Indeed -- memory- or communication-bound. Somewhere there's a Dell "roofline" plot indicating IPC in some codes running in an unspecified way. See also John McCalpin's writings.

Things doing 3-D FFTs (common in materials science) tend to spend a lot of time in an MPI collective at sufficient scale. I spent half an hour profiling and then changing an MPI parameter for 30% improvement in one case at not very large scale.

auvi · on May 24, 2018

Very interesting as I used to do OpenFOAM parallel runs years ago on x86. Do you have any links to OpenFOAM benchmarks on ARM64?

Ar-Curunir · on May 24, 2018

The conclusion of the linked article has a reference to a relevant paper

gnufx · on May 24, 2018

But, as usual, you don't know what the profile of the calculations were, in particular because you don't know the mode it's operating in/data it's operating on. ("OpenFOAM" is actually many different programs.)

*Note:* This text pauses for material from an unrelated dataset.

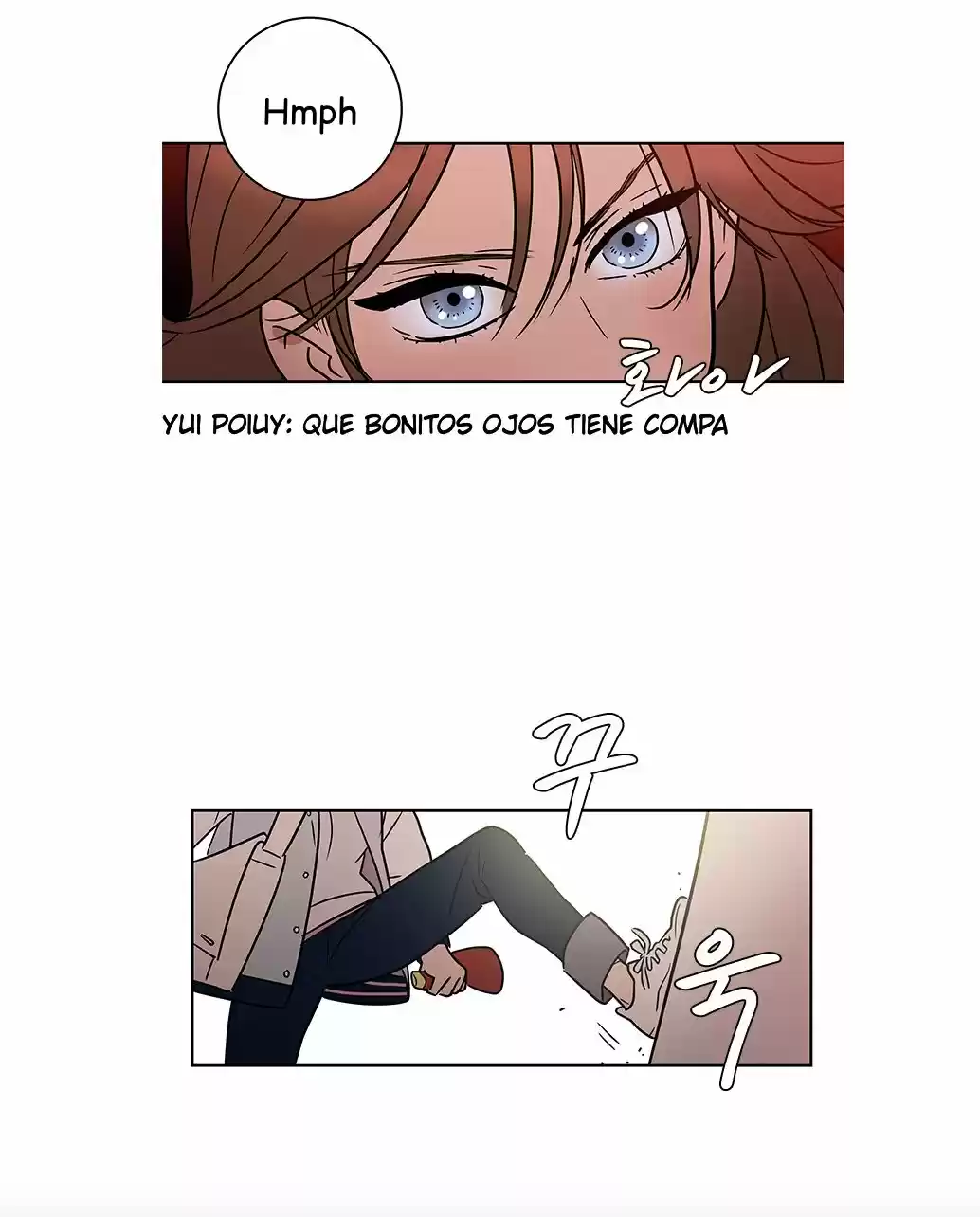 Shaman Girl - Capítulo 22 - Página 21 - LectorTMOo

That said, the indications are that the performance is decent for HPC. What I haven't seen is a comparison with Ryzen (or POWER9). There's also a lack of data even on the SIMD hardware in ThunderX2 and POWER9, at least that I've been able to find.

namibj · on May 24, 2018

For cache-tuning, there is polyhedral optimization, available in LLVM via Polly and in GCC via Graphite. Of course they don't fix everything, but they are great at automating loop nesting decisions with the goal of matching data locality to cache size(s), and, potentially, even SSD/HDD storage (think compiling the software so that it makes good use of the 1GB ram/core you can give it, and not be awfully inefficient with it's swapping.

gnufx · on May 24, 2018

Unfortunately, the polyhedral optimization was still broken in gcc last I tried. Perhaps it's fixed in gcc 8.

namibj · on May 25, 2018

My tests on a recent (6 weeks, I'm too lazy to re-build) git snapshot from master worked reasonably well, but I didn't quite reach the full testing stage, as it was doing something (I was trying to benchmark CockroachDB on Goldmont (server atom), and the -mnative flags are just a couple weeks old on the mailinglist, and a month younger in git master.) and I didn't have time to check back. But it appeared to work when I activated the command line flags.